Ha il corpo ovale, molto alto e assai compresso lateralmente, con una grossa testa e una grande bocca protrattile, armata di denti e dal taglio obliquo. Ben sviluppati anche gli occhi, posti in alto presso il margine superiore del capo. Il ventre è carenato e una serie di placche ossee spinose sono inserite alla base della pinna dorsale e anale. Dorsalmente ha due pinne: la prima è alta e sorretta da raggi spinosi e si prolunga in una serie di lunghi filamenti; la seconda, contigua, è bassa, molle e arriva al peduncolo caudale che è breve e stretto. La pinna caudale ha il margine convesso, l'anale, identica alla caudale, è contrapposta alla seconda dorsale, ma è preceduta da una prima pinna con quattro raggi duri. Le ventrali sono allungate. Piccole squame ricoprono il corpo che ha colore grigio scuro con sfumature gialle tendenti al verde sul dorso. I fianchi sono giallastri e su ognuno spicca una macchia rotonda nera.

Le macchie nere sui fianchi di questo pesce hanno dato origine a diverse leggende che vedono protagonista un famoso pescatore dell'antichità: San Pietro. Una delle tante dice che le macchie sono le "impronte digitali" del santo che trovo il pesce nelle sue reti ma, commosso dai suoi gemiti, lo lasciò libero.

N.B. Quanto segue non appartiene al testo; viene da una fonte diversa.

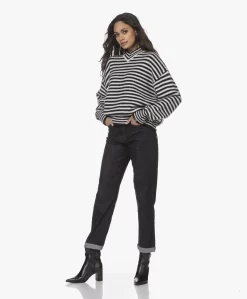 Extreme Cashmere N°205 Him Gestreepte V-Hals Trui - Breton -Kleding Series Winkel 211125 1366a787 712a 4bdd 8287 64cfd2a1e04e scaled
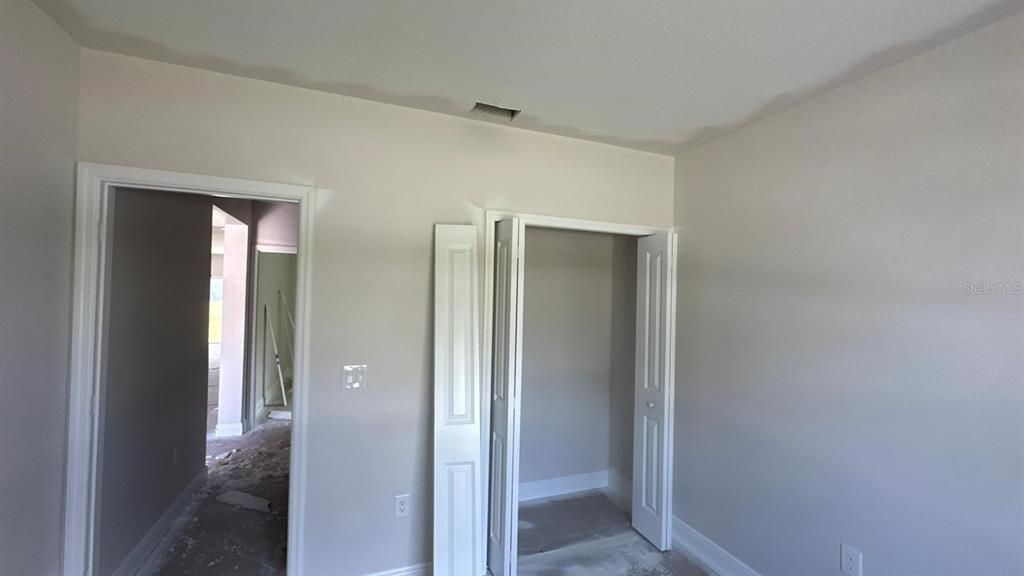 For Sale: $377,000 (6 beds, 0 baths, 2324 Square Feet)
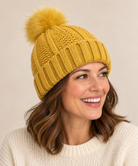 Chunky knit pom-pom beanie for women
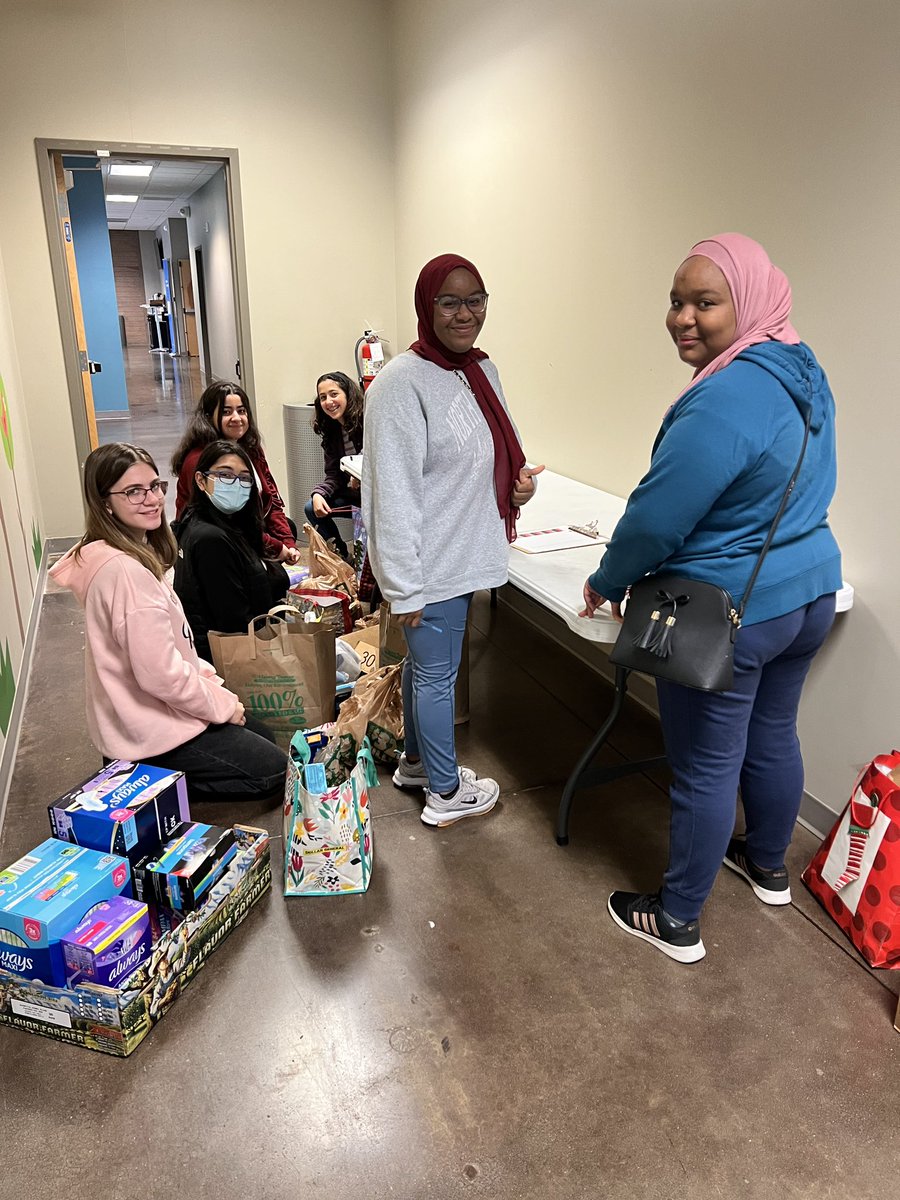 This Saturday, some of our WECIB students spent their time giving back to the community with The No Women, No Girl Initiative! #servingthecommunity
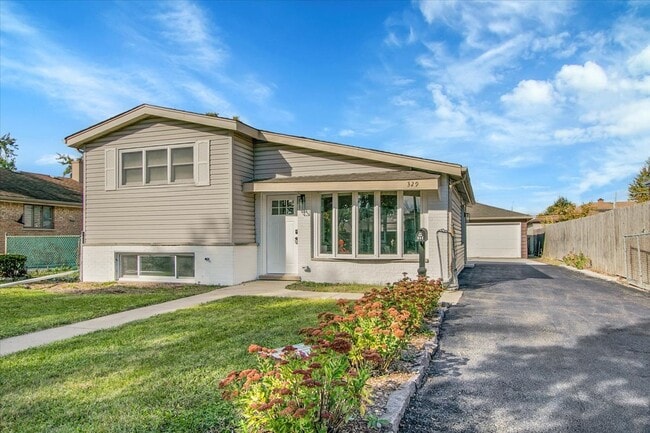 Foto del edificio - 329 E Jefferson St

Pesce di indole solitaria, il San Pietro vive su fondali fangosi tra i 100 e i 200 metri di profondità, ma si può trovare, dalla primavera all'autunno, anche a profondità modeste e più vicine alla costa. Nuota lentamente e con frequenti scatti per poter catturare più prede possibile, essendo un pesce carnivoro e vorace.

Si riproduce solitamente nella tarda primavera, deponendo uova pelagiche del diametro di 2 o 3 mm. A sviluppo completo questo pesce può superare i 60 cm di lunghezza e il peso di parecchi kg. Nelle nostre acque è mediamente sui 30-40 cm. Tratto fuori dall'acqua, il San Pietro emette una sorta di forti gemiti.

Il pesce San Pitero si nutre anche di pesci di grossa mole che cattura protraendo la bocca. Si tratta principalmente di acciughe, sardine, gamberi e molluschi. Gli esemplari che vivono nei mari del nord compiono vere e proprie stragi di aringhe.

Nonostante il loro aspetto poco "gradevole", i pesci San Pietro hanno ottime carni, note e apprezzate sin dall'antichità, e questo li rende molto ricercati tra i pescatori. Sono oggetto soprattutto di pesca professionale effettuata con reti di profondità e spesso compaiono sui mercati ittici.

Se si pratica la pesca sportiva, si può tentare la cattura di un pesce San Pietro con palamiti innescati con pesci vivi o, dalla barca al largo, con lenze a bolentino.